Tuesday, April 27, 2004

Well. It is official.

If you still love me, you will find me Here.

Hopefully.

Sunday, April 25, 2004

Dude.

I am the NUMBER ONE search result for "Ghetto Bitches" via Google AND aol.com

I feel like I have finally made it.

I've bought webspace, and am currently trying to make sense of Moveable Type, the blogging program designed by FUCKING SADISTS.

Eventually, this site will die. Because I broke it. And just because. More later.

Friday, April 23, 2004

So, Tony called me today from the hospital.
He'd tried to pick up a box at work, and experienced this excruciating pain in his knee. He tried to bend it and he couldn't. He called me at work [where I wasn't yet - HAD I been, I would have told him to go to our family doctor, go to the medcheck, go to my MOTHER, but for chrissakes don't go to the hospital.].

The hospital was remodeling. I went to see him on my lunch break, and it took me nearly forty minutes to find him. When the receptionist told me, 'Go to the nurses' station and they will show you where he is', what she REALLY meant was, 'Go to the nurses' station and some crabby woman in pink scrubs with bad hair will sit in front of you, no speaking, no eye contact and reorganize her fucking purse for fifteen goddamned minutes. I found him, eventually, after asking about six different people to help me and being taken in about six different directions, sitting behind a thin, flowered curtain, bare-assed in the hospital gown and looking very, very bored.

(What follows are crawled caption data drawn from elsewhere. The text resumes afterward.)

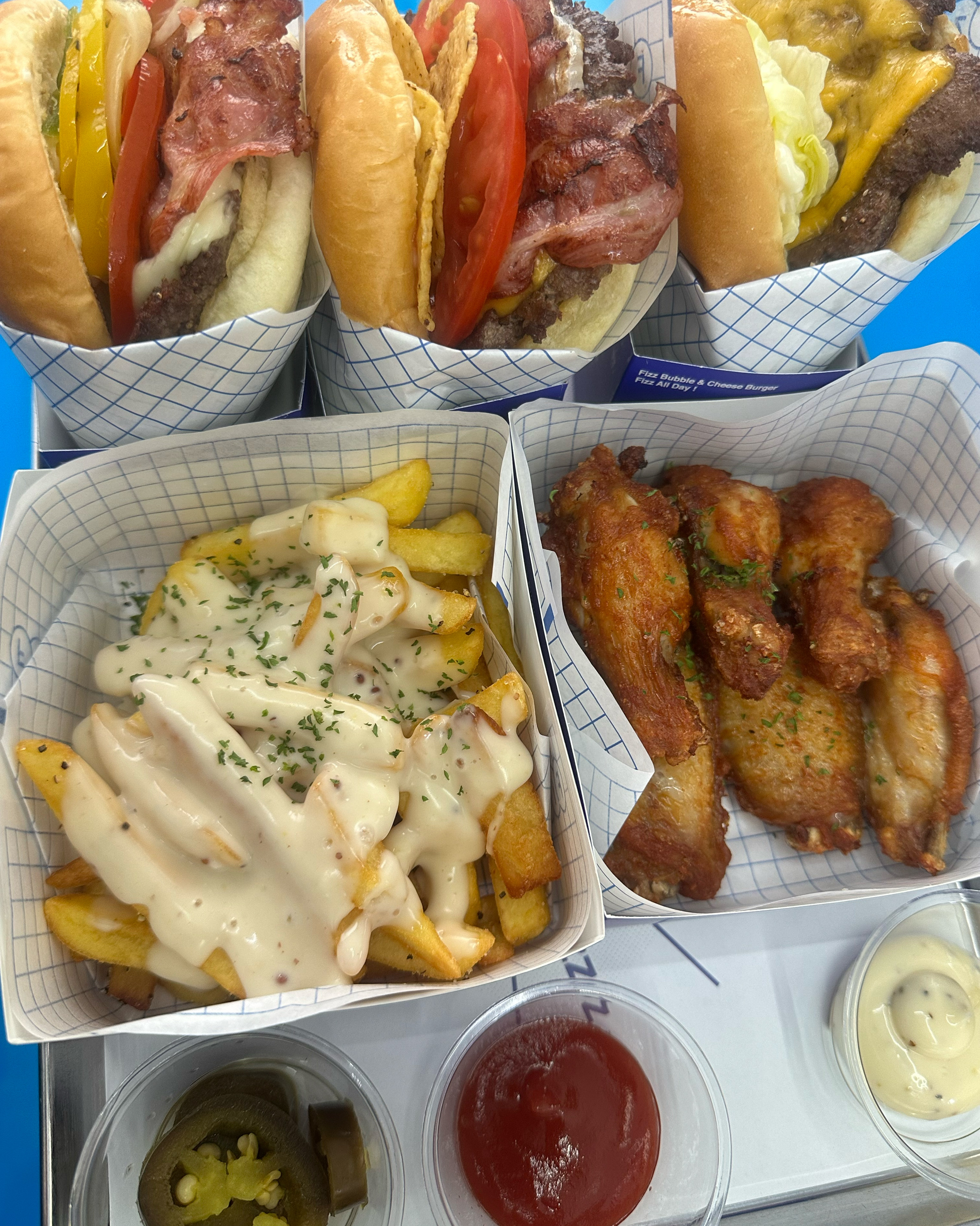 맛있다고 해서 들렸어용 가겯댜가 있눈만큼 맛도 좋아요!! 붐위기도 좋구용 - 제주 맛집 피즈 애월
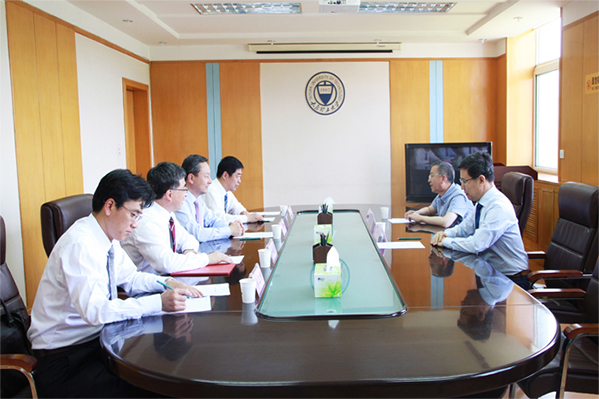 新葡的京官网举行荣聘金智新院士仪式 新葡的京官网举行荣聘金智新院士仪式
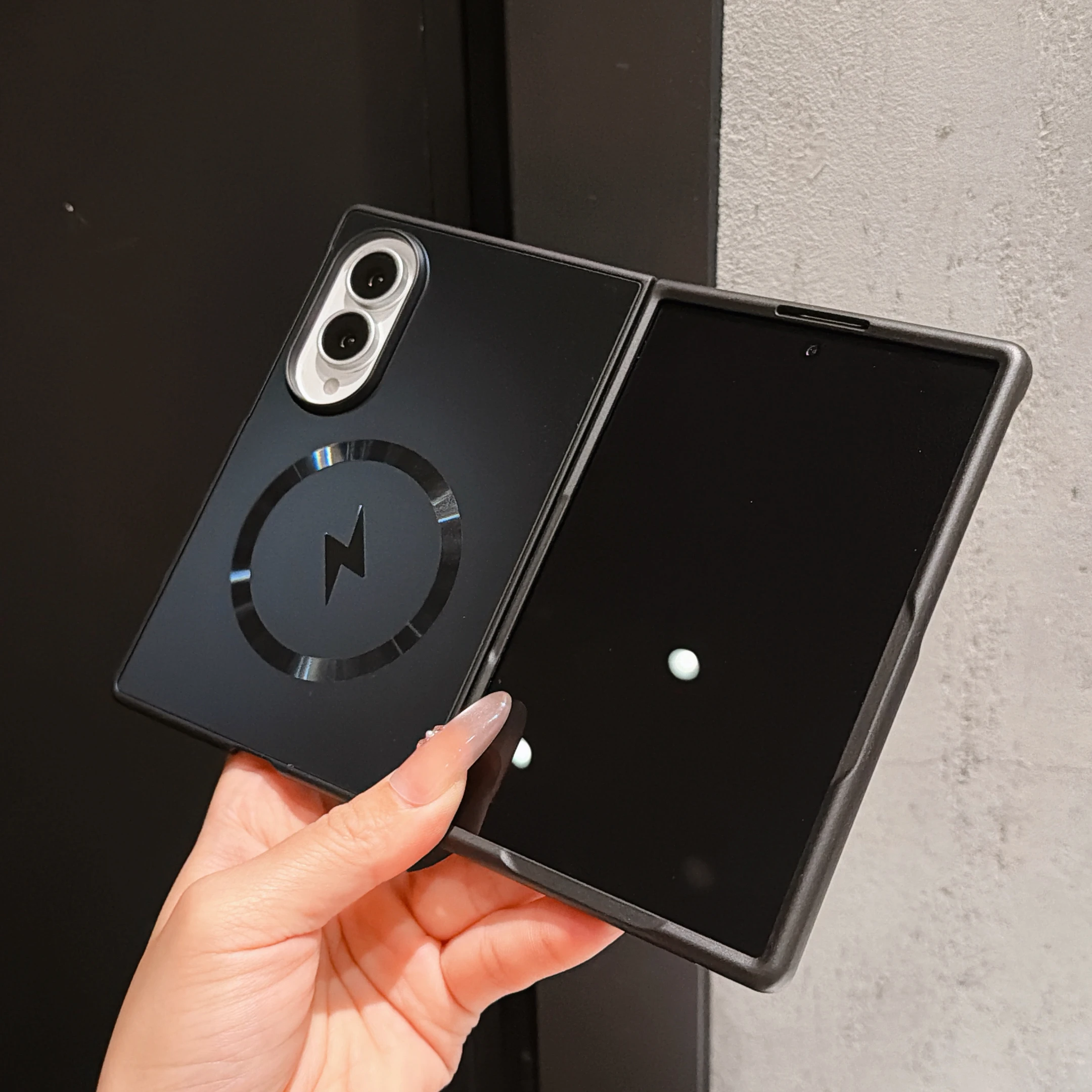 Ultra-Slim Metallic Magnetic Phone Case – Wide Shockproof, Magsafe-Compatible, Comfortable Grip, Wear-Resistant Cover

The whole way I had been planning the next few months. Tony would have knee surgery and not be able to walk for the next six weeks, at least. I would get a second job because we cannot afford this apartment on my income alone. Maybe Tony could work from home...Stick bobbypins onto cards, or whatever Bjork did in Dancer in the Dark. Maybe we would not be evicted, starving in the streets. Maybe I would not be arrested for not making my monthly tax payment on time.

So. Tony has.
Arthritis.

We bought Aleve and Insoles.
And...that's it. Arthritis.
I'm going to go lie down now.




Sunday, April 18, 2004

Internet down.

Apartment management staff incompetent.

More later.

<3 KQ.




Friday, April 16, 2004

Stolen from Nicole, because I am totally unoriginal in every sense of the word:

Goals for the rest of my life:

• Write something. Solid, on paper. That I won't give to my friend Bryanna and force her to burn.
• Raise children somewhere in Southern Ontario. Or Newfoundland. I haven't decided.
• Learn how to sing.
• Steal violin back from little brother.
• Learn how to play said violin.
• Be able to leave my house for a social function. of some sort.
• Stop blushing every time I am required to speak to anyone but the Tonies.
• Go to school. Somehow. For something.
• Be able to enjoy parties without drinking heavily and saying mean things about everyone involved.
• Find a decent job in the underbelly of the medical world that DOES NOT involve ghettobitches. [damnit, Abigail, I think you ruined my life.]
• Or, overcome feelings of hostility towards ghettobitches.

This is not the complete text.